Blood sampling and biomarker analysis
After an overnight fast, blood samples were collected into tubes containing silica gel for serum separation. Tubes were kept at room temperature for at least 30 min before centrifugation at 1,400 g and 4 °C for
DNA Extraction and library preparation
Fecal samples were stored at −80 °C prior to assessment of the intestinal microbiome via shallow shotgun sequencing. DNA was extracted using the QIAGEN DNeasy PowerSoil Pro Kit, following the manufacturer’s instructions. DNA concentrations were measured using a Qubit 4 fluorometer with the Qubit™ dsDNA HS Assay Kit (Thermo Fisher Scientific).
DNA libraries were prepared using the Nextera XT DNA Library Preparation Kit (Illumina) and Nextera Index Kit (Illumina), with 1 ng total DNA input. Genomic DNA was fragmented using the Illumina Nextera XT fragmentation enzyme in proportion to the input DNA. Combinatorial dual indexes were added to each sample, followed by 12 polymerase chain reaction (PCR) cycles to construct the libraries. Libraries were purified with AMpure magnetic beads (Beckman Coulter) and eluted in QIAGEN EB buffer. DNA concentrations were quantified using the Qubit 4 fluorometer and Qubit™ dsDNA HS Assay Kit. Sequencing was performed on an Illumina HiSeq X platform (2x150bp). The resulting FASTQ files have been deposited in the European Nucleotide Archive (ENA) of the European Bioinformatics Institute under accession code PRJEB76236.
Bioinformatics analysis
Raw sequencing reads obtained from the Illumina HiSeq X platform totaled 150,728,010 (mean: 742,503; median: 665,186). After quality control, the number of reads decreased to 149,135,812 (mean: 734,659; median: 658,103). Quality-filtered reads were processed using the bioBakery pipeline[22], starting with cleaning by KneadData, a tool designed for quality control and filtering of sequencing reads. From the filtered sequences, paired-end reads (R1 and R2) were combined, and microbial community profiling was performed using MetaPhlAn 3 with the Chocophlan full database. Subsequently, the HMP Unified Metabolic Analysis Network v.3 (HUMAnN 3) was applied to characterize the metabolic potential of the microbial communities. Data were normalized to counts per million, following bioBakery recommendations.
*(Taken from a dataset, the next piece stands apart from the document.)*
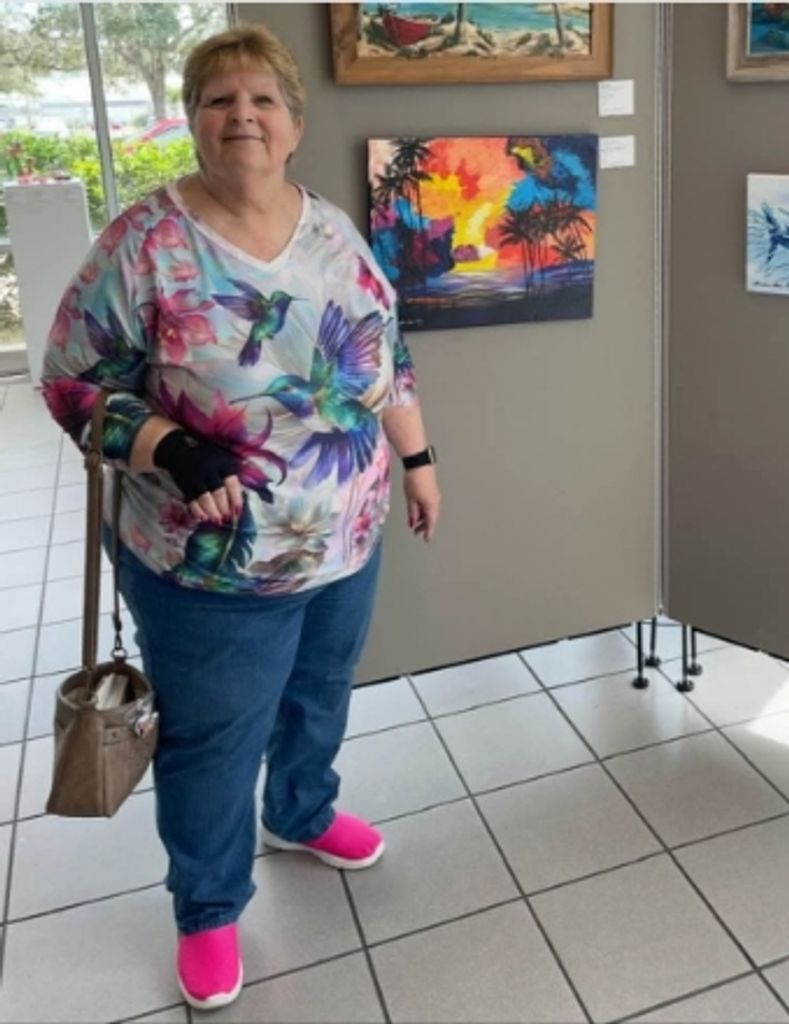 Christine Lonis-Pelz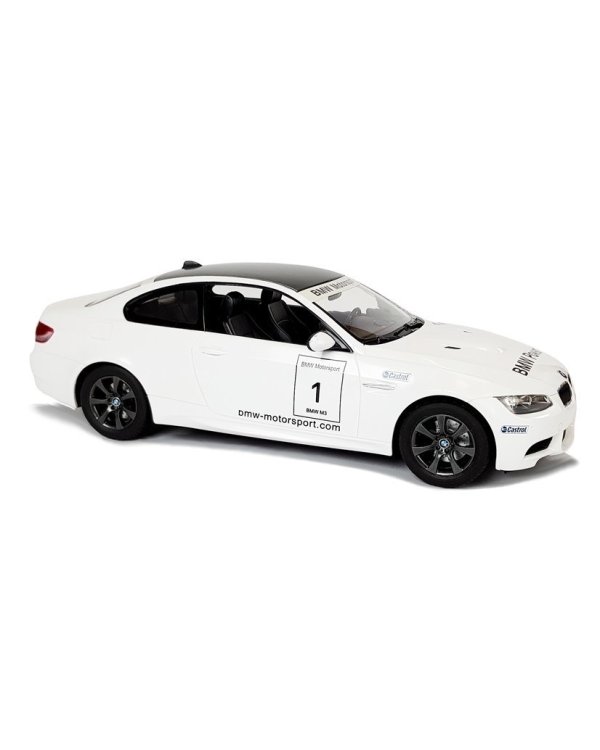 BMW M3 R/C Машина на пульте управления 1:14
Targeted metabolomics analyses
Plasma and urine metabolomics analyses were conducted as described previously[19,23]. Briefly, targeted metabolomics was performed using authentic standards for metabolites derived from diet, gut microbiota fermentation, bioactive compounds, and endogenous sources[24].
Statistical analyses
Statistical analyses were conducted using R software (version 3.1.2). Of the volunteers who completed the MaPLE study (n = 51), data from 50 subjects with complete metabolome, microbiome, and inflammatory parameter datasets were analyzed. Subjects were clustered into two groups (cH and cL) using the PAM (Partitioning Around Medoids) algorithm based on the Jensen-Shannon distance matrix. The goodness of clustering was evaluated with the analysis of similarities (ANOSIM) statistic. Baseline differences between groups were assessed using unpaired Student’s t-tests or Mann-Whitney U tests, depending on the normal distribution of data as determined by the Shapiro-Francia normality test. To control for multiple comparisons, Benjamini-Hochberg false discovery rate (FDR) correction was applied separately to each dataset—microbiome (taxonomic relative abundances), metabolome (urinary and fecal metabolites), and physiological/inflammatory parameters. Adjusted P-values (q-values) ≤ 0.05 were considered statistically significant. This correction was consistently applied across analyses to control the expected false positive rate within each data domain. Significant effects of dietary intervention were assessed by repeated measures analysis of variance (ANOVA) or non-parametric ANOVA, depending on the normality of the data. Correlations at baseline were evaluated using Kendall correlation analysis. Significance thresholds were set at P ≤ 0.05, with trends noted for 0.05 ≤ P ≤ 0.1. Alpha diversity was assessed using Chao1, Shannon, and Simpson indexes, and beta diversity was evaluated by partial least squares discriminant analysis (PLSDA).
RESULTS
Inflammatory markers form two distinct clusters in individuals aged ≥ 60 years at baseline
Serum (CRP, TNF-α, IL6, and calprotectin) and fecal (calprotectin) inflammatory markers were assessed in 50 volunteers aged ≥ 60 years participating in the MaPLE study. A heatmap with an accompanying hierarchical clustering tree was generated based on these markers, showing a clear separation among subjects, which was supported by ANOSIM results (R = 0.49; P = 0.01) [Figure 2A]. An unsupervised clustering algorithm further stratified participants into two distinct inflammatory profiles: a high inflammation group (cH; n = 23) and a low inflammation group (cL; n = 27) [Figure 2B]. The cH group exhibited higher median levels for all inflammatory markers compared to the cL group (CRP: 12.7 vs.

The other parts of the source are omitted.